That's a very different neighborhood, and this week there was a public meeting to discuss the proposal. Readers have also been sharing their thoughts in comments on the Westword Facebook page. Says Joe:

The Park Hill proposal is a good idea. We cannot avoid the reality of the challenges of our city, but sometimes we need a visible reminder.

Counters Sarah:

If homeless people camping in front of the Capitol where politicians work every single day won’t change anything, I don’t see how this will.

Responds Patty:

Some people will never understand as they regurgitate Republican/Conservative anti-poor stereotypical talking points about houseless people.

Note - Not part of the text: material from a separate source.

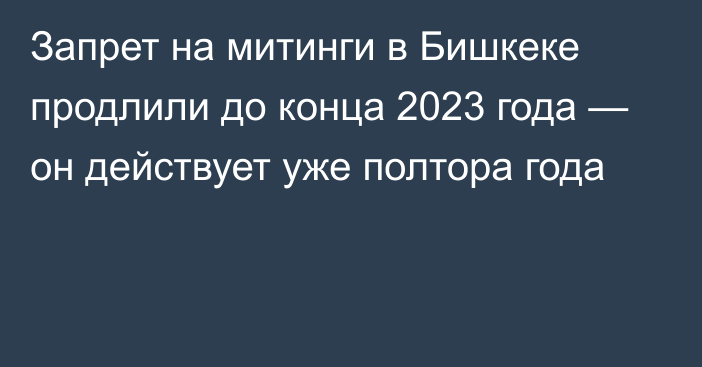 Запрет на митинги в Бишкеке продлили до конца 2023 года — он действует уже полтора года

Bunch of bootlicking rich people pawns. Still, it should be done because it's the right thing to do and people without homes still deserve dignity and safety. It's sad that this needs to be said.

Suggests Gregory:

Homelessness won't get solved until people can find a way to make money from the solution; until then, they stay.

Adds Jonah:

Funny how you spend so much money on something and nothing changes, but that's the point, if you haven't figured out yet but people that say they want to help the homeless will never actually fix the problem because it's a scam, they make money off it and don't want the problem to stop otherwise they would be out of job!

Comments Sean:

Continue to enable this shit and Denver will look like San Francisco. Morons.

Asks Ramona:

What would Jesus do?

Concludes Jay:

Next stop...Washington Park.

"We feel called to do this. We feel like if we’re following Jesus and his life and example and the things that he taught — one of those things is to engage with, and administer to, and provide relief to people who are on the margins of society. In a sense, that’s really a lot of what Christianity is about, at least for me," says Steve Holz-Russell, a member of the Park Hill United Methodist Church who chairs the congregation's Missions and Social Justice Team.